Dear friends in Christ at Peace and Grue,
Advent is a season that messes with our sense of time. While we typically live with a fairly linear view of time, (one event coming after another) Advent puts in front of us passages about the end of history before moving in later weeks to prepare us for the coming of the Christ child and the dawn of a new age.
We live, according to Luke (which is the primary gospel we will focus on this year) between the two great poles of God’s intervention in the world: the coming of Christ in the flesh and his triumph over death. In this context, Luke offers us a perspective that, while it will not remove our waiting, affects its character. Luke is, in fact, down right vague about when Jesus will return, refusing to offer any hint of a timetable. Instead, Luke asserts that just as budding fig leaf unmistakably foretell the advent of summer so also will the signs of the coming kingdom be transparent to the Christian community, shifting the emphasis from when these things will happen, to the proper attitude of the Christian community as theses things are happening.

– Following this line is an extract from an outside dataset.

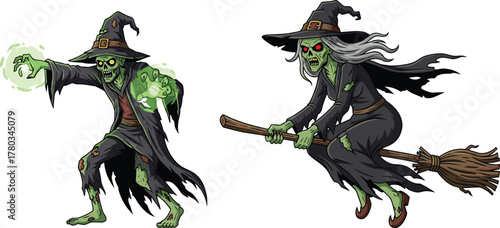 PrintCreepy zombie witches casting glowing green magic and flying on broomstick in dark fantasy Halloween illustration, spooky undead sorcery scene
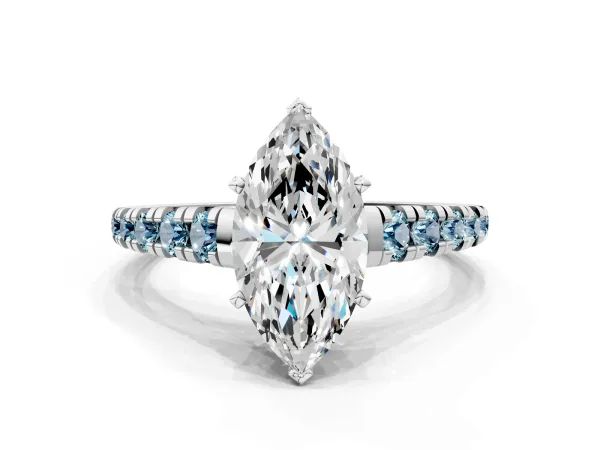 Marquise Cut Diamond Cathedral Solitaire Ring with Round Aquamarine Pavé Band White gold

This in-between time, though fraught with tension, is nevertheless also characterized by hope. During this time, the Christians community should be alert, ready for the coming of the end. They should not be caught up in either the excessive pleasures or worries of the day, but rather remain watchful. The Christians community should be confident, eager for the events Jesus describes as they signal both the beginning and the ending of the story of the Church and therefore of our story which has been secured by Christ. The Christian community is to remain steadfast in its ministry, trusting that Jesus will provide the necessary words and inspiration so that the Christian community may witness to the gospel through word, deed, and prayer in any and all situations. In any and all situations the Christian community is free to struggle, to wait, to work, to witness, indeed to live and die, because we know the end of the story.
From Moses to Martin Luther King, Jr., history is full of examples of those who, because they had been to the mountaintop, had peered into the promised land, and had heard and believed the promise of a better future, found the challenges of the present not only endurable, but hopeful. We, too, amid the very real setbacks, disappointments, or worries of this life, can “stand up and raise our heads” because we have heard and believed Jesus’ promise that our “redemption draws near.”